I have created my own torch.optim.Optimizer class which implements a variant of the FrankWolfe (aka conditional gradient descent) method. While initializing the optimizer, I pass a momentum value 0 <= m <= 1. I recently noticed that the optimizer is becoming slower and slower in each step and I cannot figure out why. I did some timings and figured that it is due to my momentum code. The following is the momentum part of my step() function:

@torch.no_grad()
def step(self, closure=None):
    for group in self.param_groups:
        for p in group['params']:
            if p.grad is None:
                continue
            d_p = p.grad

            # Add momentum
            momentum = group['momentum']
            if momentum > 0:
                param_state = self.state[p]
                if 'momentum_buffer' not in param_state:
                    param_state['momentum_buffer'] = d_p.detach().clone()
                else:
                    param_state['momentum_buffer'].mul_(momentum).add_(d_p, alpha=1 - momentum)
                    d_p = param_state['momentum_buffer']
...

In the first iteration of step(), the momentum_buffer is ont set and I hence set it to be the last gradient itself. In later iterations I multiply the old momentum buffer by momentum factor (e.g. 0.9) and add d_p to it, being the p.grad.

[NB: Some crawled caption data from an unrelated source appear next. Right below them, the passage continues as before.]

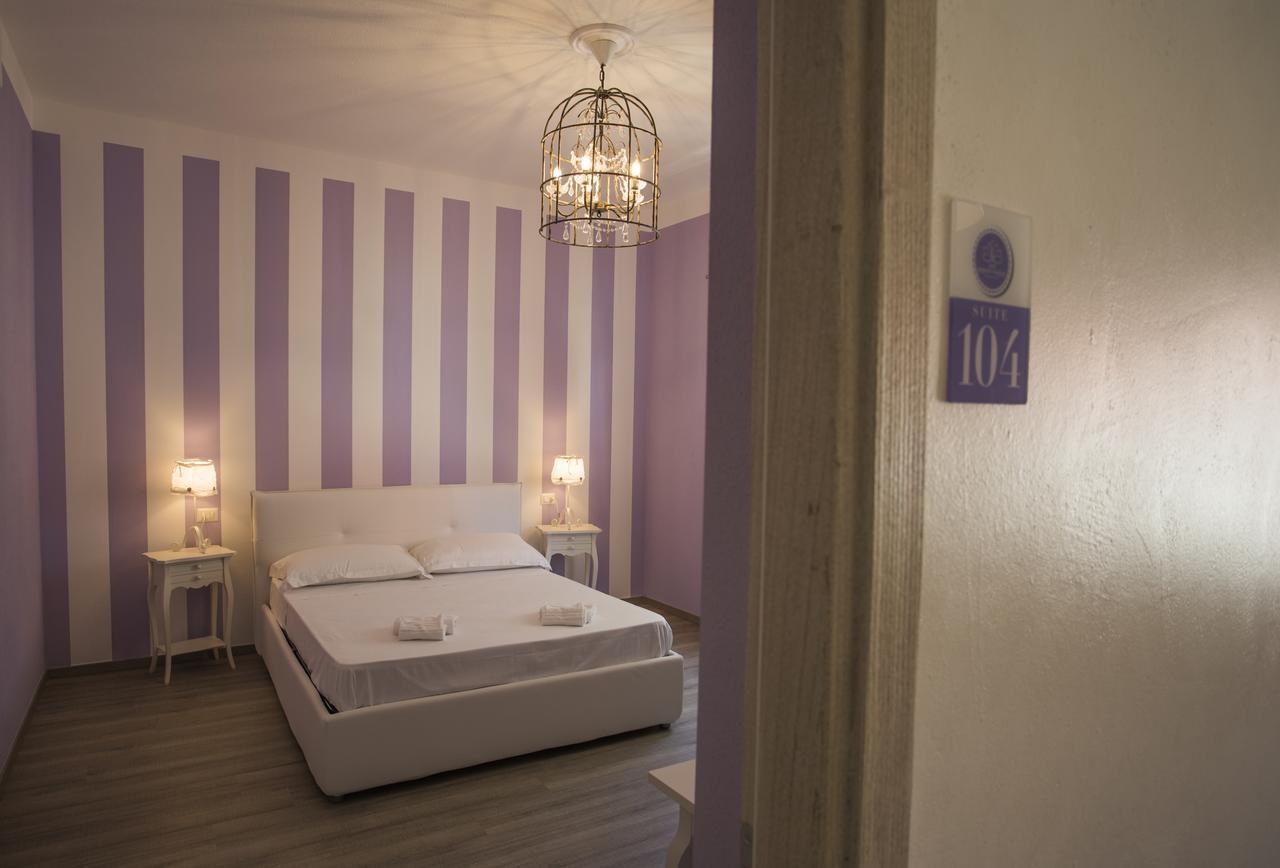 Les Suites Magnolia Olbia Exterior photo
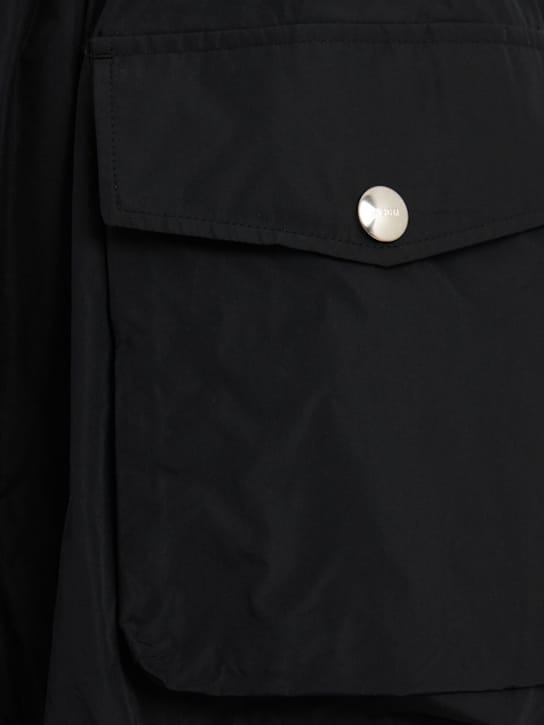 MSGM: 带口袋的圆裙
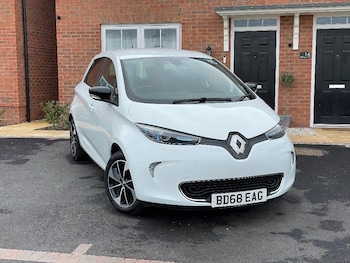 Used Renault Zoe 2018 for sale - 79600690: Photo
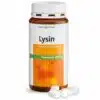Sanct Bernhard Lysine (lizin) 500mg tabletta - 180db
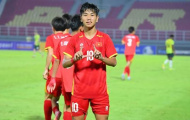 Nguyễn Lực: Đầu tàu đưa U17 Việt Nam vào chung kết Đông Nam Á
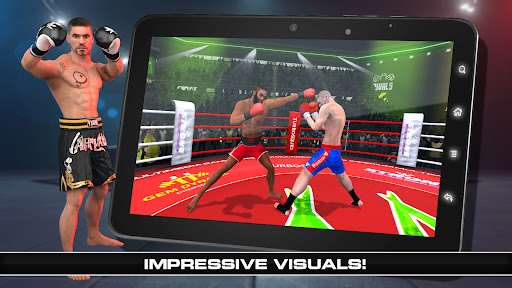 Thai Boxing 21 Скриншот 1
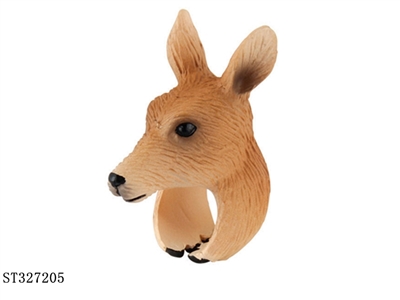 WILD ANIMAL RING-KANGAROO - ST327205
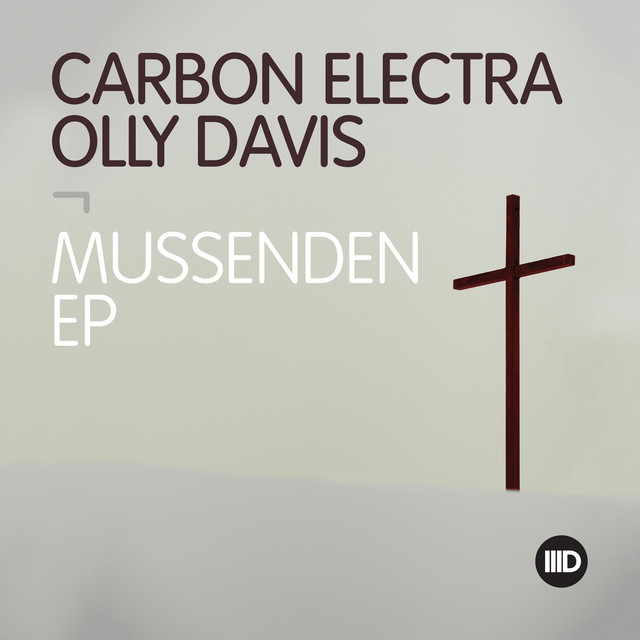 Mussenden cover art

What could be the problem here? Do I accumulate history? I am unsure why this would get slower and slower over time, in the beginning it is fairly fast but the runtime is monotonically increasing.

ptrblck · July 8, 2020, 10:00am

That could be the case. Do you also see an increased memory usage?
If so, could you check, if your momentum buffer has a valid .grad_fn after a couple of iterations?

If so, it could store the computation graph. However, since you have already used the no_grad context manager this should not be the case.

How did you isolate that the momentum calculation is responsible for the slowdown?